Copy the cell, then RIGHT-click in the text box. (You have to click one way or the other so this adds no work to your process. Well, other than getting used to doing it.)

The right-click menu will appear. I would press the T key at this moment which would paste Text Only so only the Excel cell content would paste. Or, since you have the mouse in hand already, you could just click that button in the paste options (it is the rightmost one). Whichever seems more natural to you. I'm more accurate punching that T than rolling over to a button of many to click it.

That would be a fast way to get your result.

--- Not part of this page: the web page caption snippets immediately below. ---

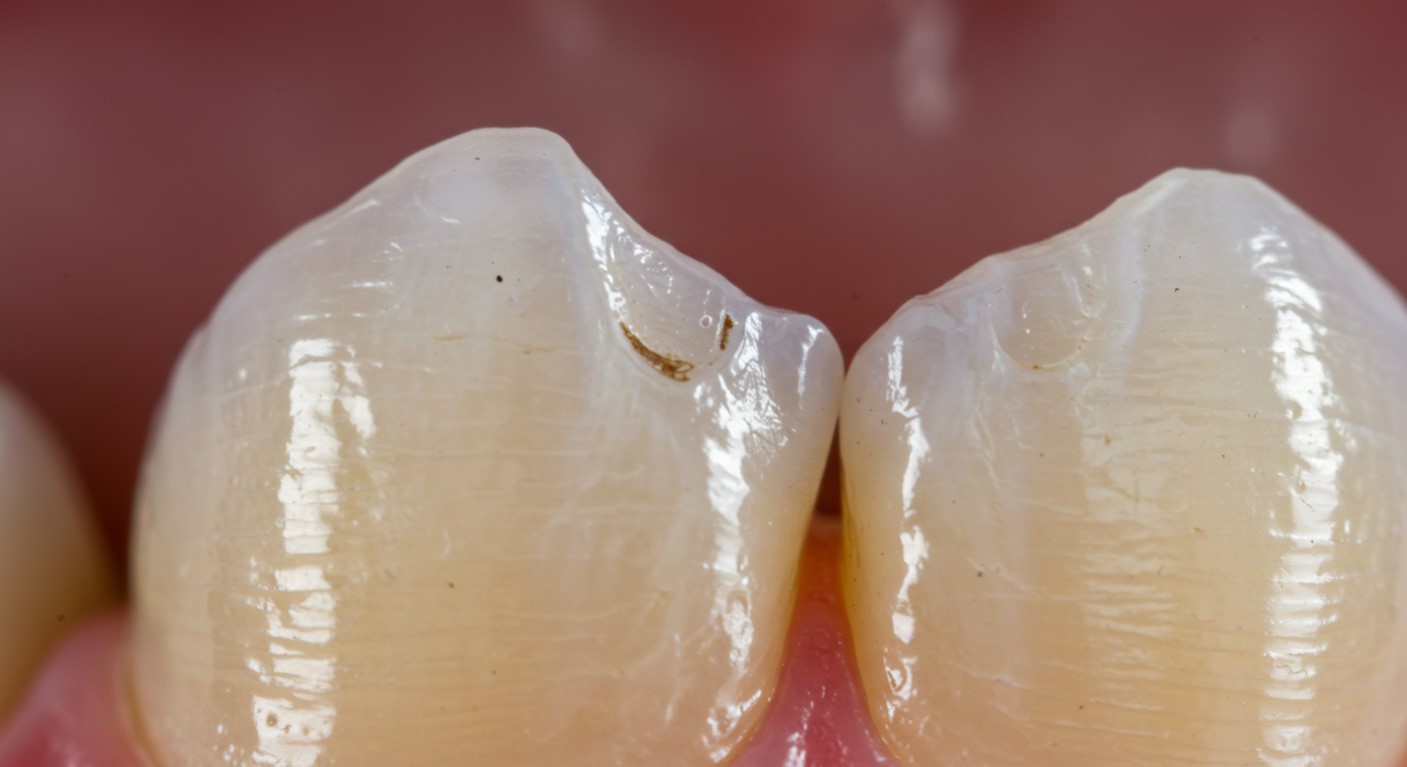 Composite Bonding for A Chipped Tooth
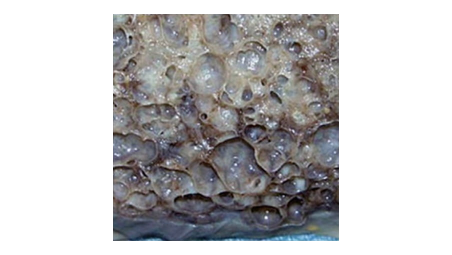 Lungenfibrosebroschüre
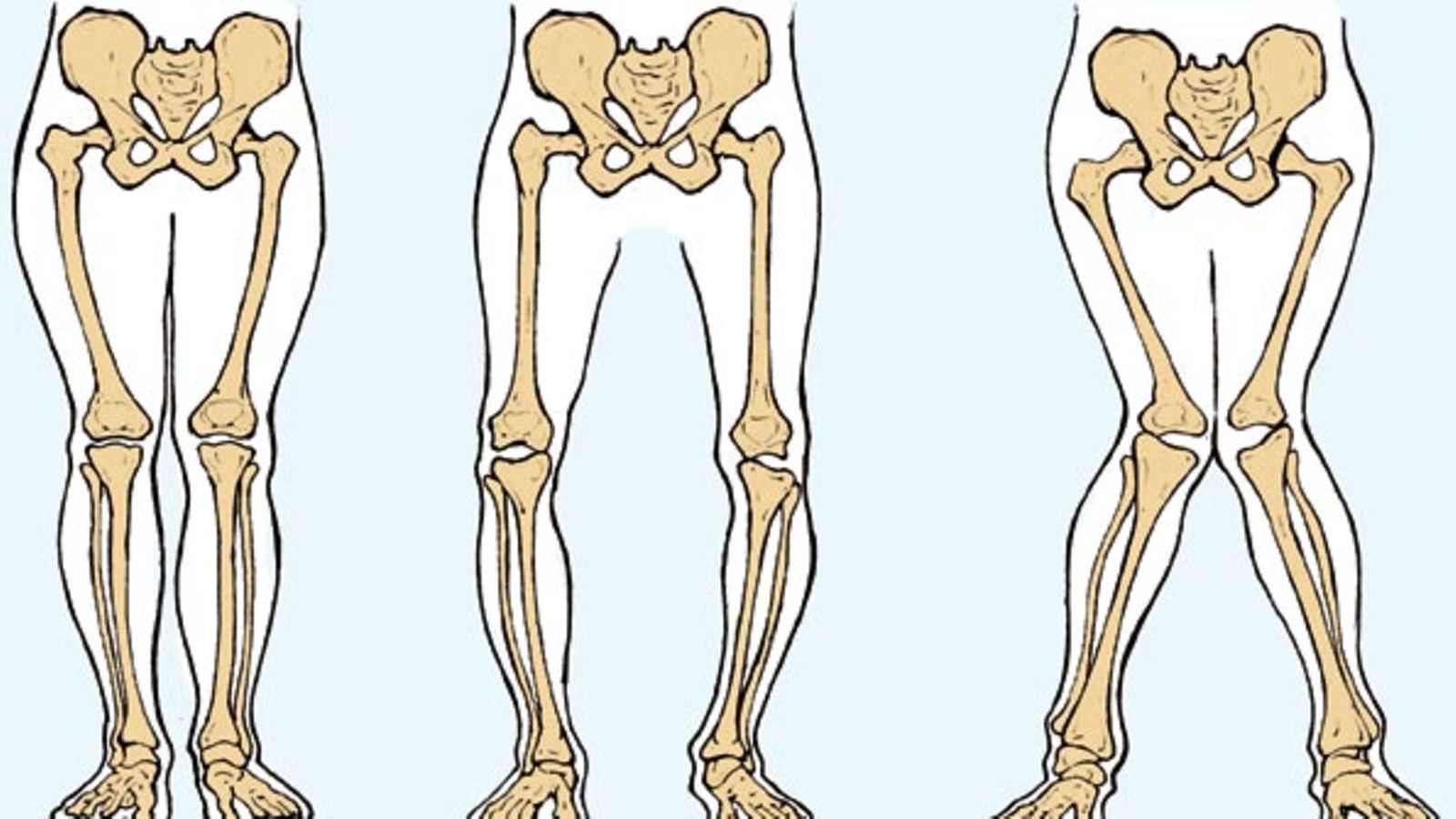 Detail Gambar Penyakit Rakitis Nomer 44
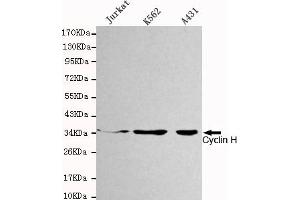Western blot detection of Cyclin H in Jurkat,K562 and A431 cell lysates using Cyclin H mouse mAb (1:1000 diluted). (Cyclin H anticorps)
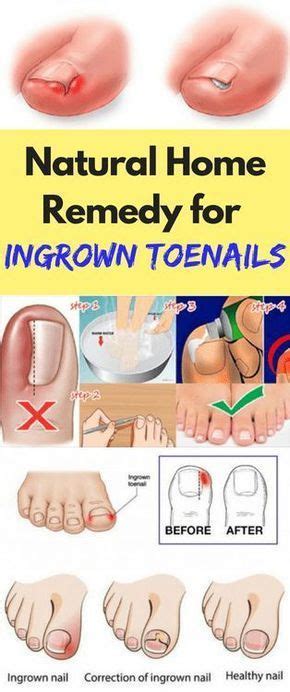 Mix the oil with water to dilute it, and apply using a cotton ball. Home Remedies to Get Rid Of Ingrown Toenails | Ingrown toe ...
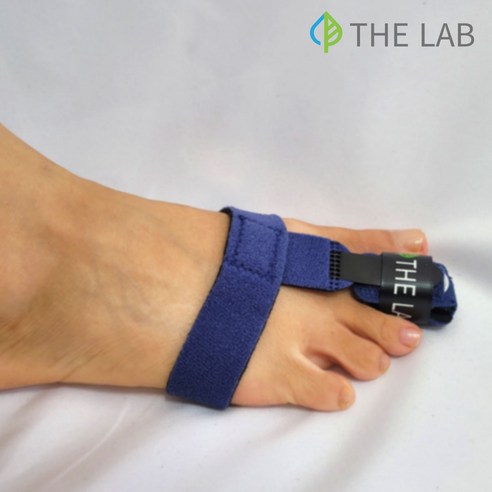 발가락 깁스로 발 건강을 되찾고 활기찬 일상으로!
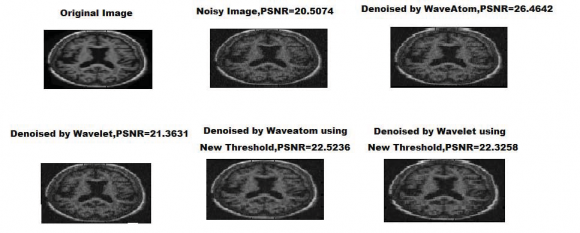 Fig.7 : Timing diagram simulated at Test bench.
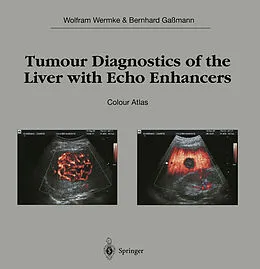 E-Book (pdf) Tumour Diagnostics of the Liver with Echo Enhancers von Wolfram Wermke, Bernhard Gaßmann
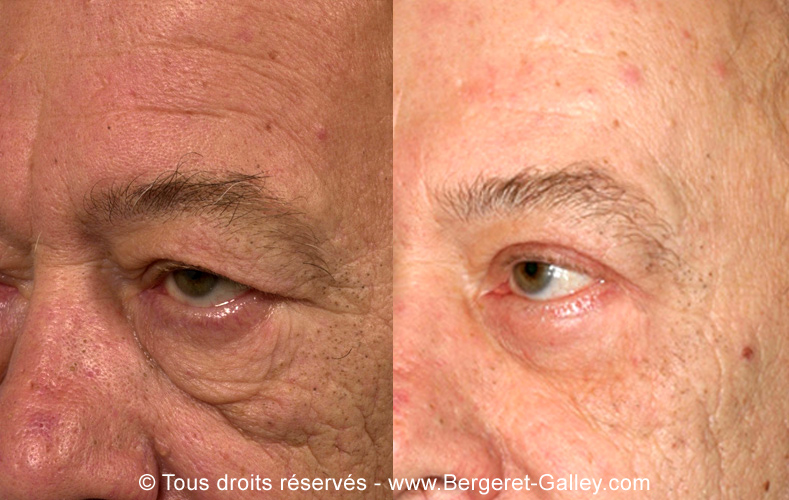 Blépharoplastie chez un homme (2/2 de trois quarts)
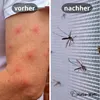 Fliegengitter Meterware – perfekter Insektenschutz für Ihr Produktbild-Vorschau 3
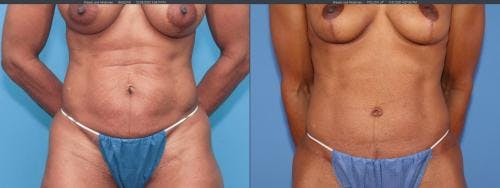 Tummy Tuck Before & After Gallery - Patient 58172396 - Image 1
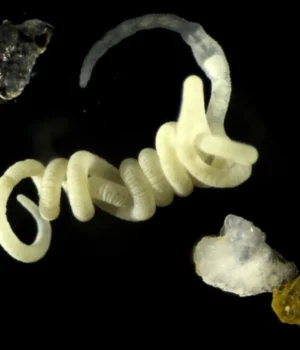 gutless-marine-worm-olavius-algarvensis.webp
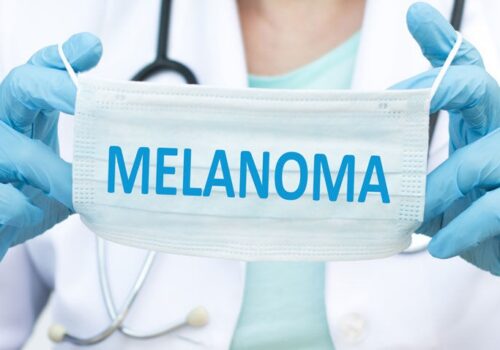Immune checkpoint inhibitors combined with radiotherapy offers no survival benefit in melanoma
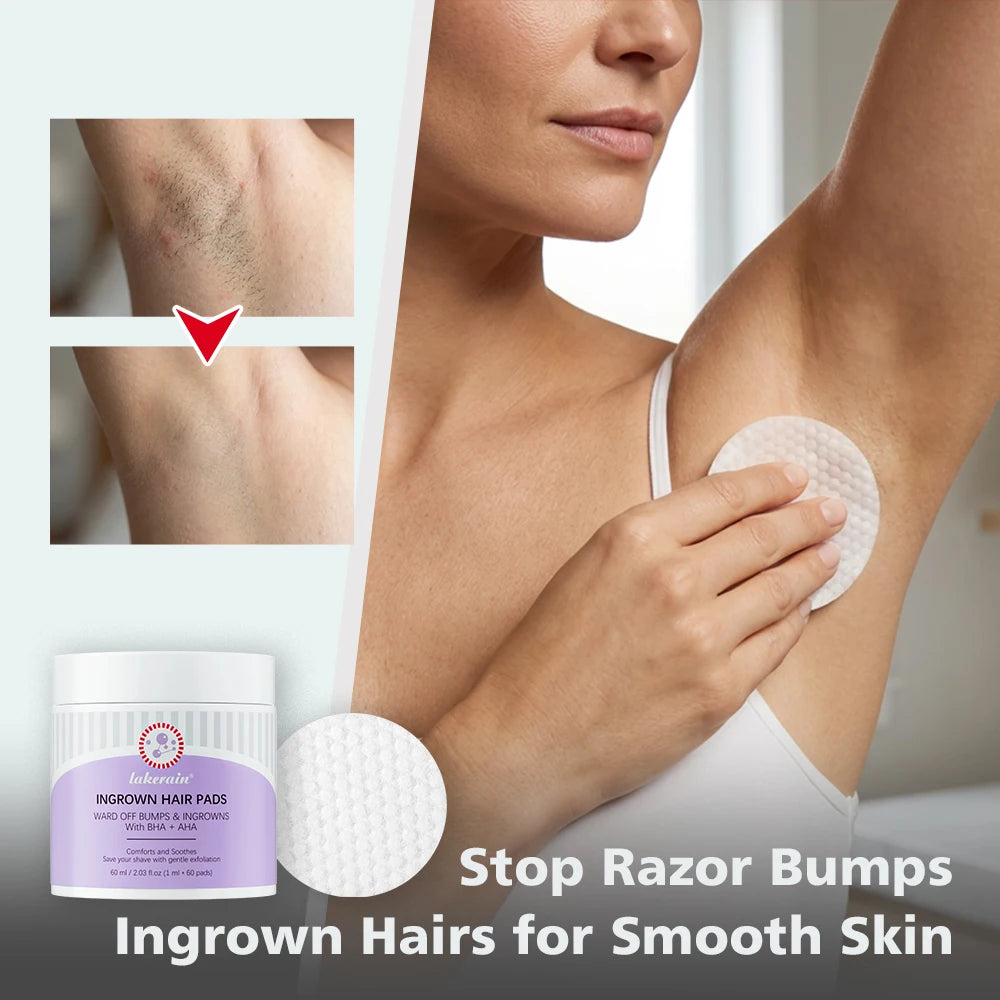 Exfoliating Ingrown Hair Treatment Pads for Razor Bumps - 11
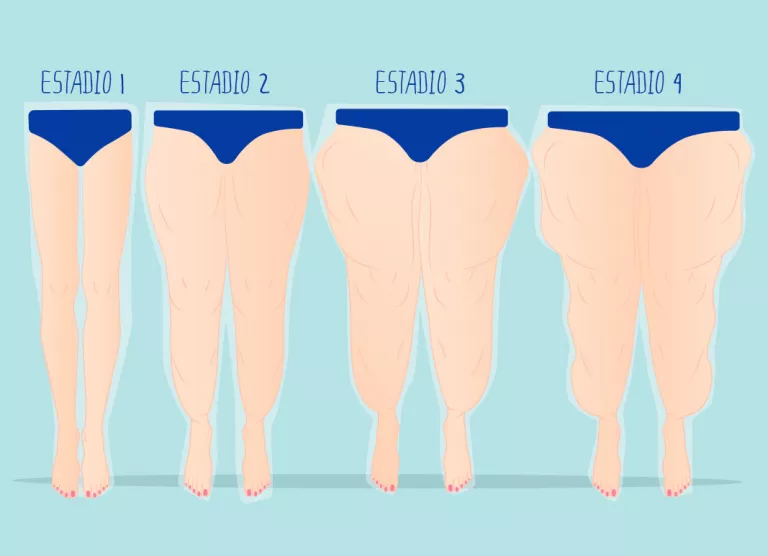 Lipedema, qué es consecuencias de esta de grasa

The source of the issue is that when you copy a cell, Excel lards it up with, for me, a LF/CR. Very obnoxious when doing this on websites that allow more than the first line in the pasting data but not a problem on websites that only allow the first line.

To bypass all that, you COULD... edit the cell, copying the text/number from inside the cell from the formula editing bar. So... click the cell, roll the mouse up to the formula bar and click at the content start or end then press shift while mousing, perhaps, to the other end, then copying and pressing Escape... that's the only way Excel puts ONLY the content on the clipboard.

But that'd be so very obnoxious vs. just right-clicking in the text box instead of left-clicking, and pressing T. So...

Note that in that menu, Cut at the top would be the first place T would take you, then to this button on a second press. But it seems that Cut will not be available under these circumstances so you press it once and your Paste|Special|Text Only button is the only place T goes so you get just the one keypress to deal with.

So, Right-click, press T, and move along. Actually easier than left-clicking then pressing the Ctrl-C combos, though since that's a habit of years, certainly, they might run neck and neck.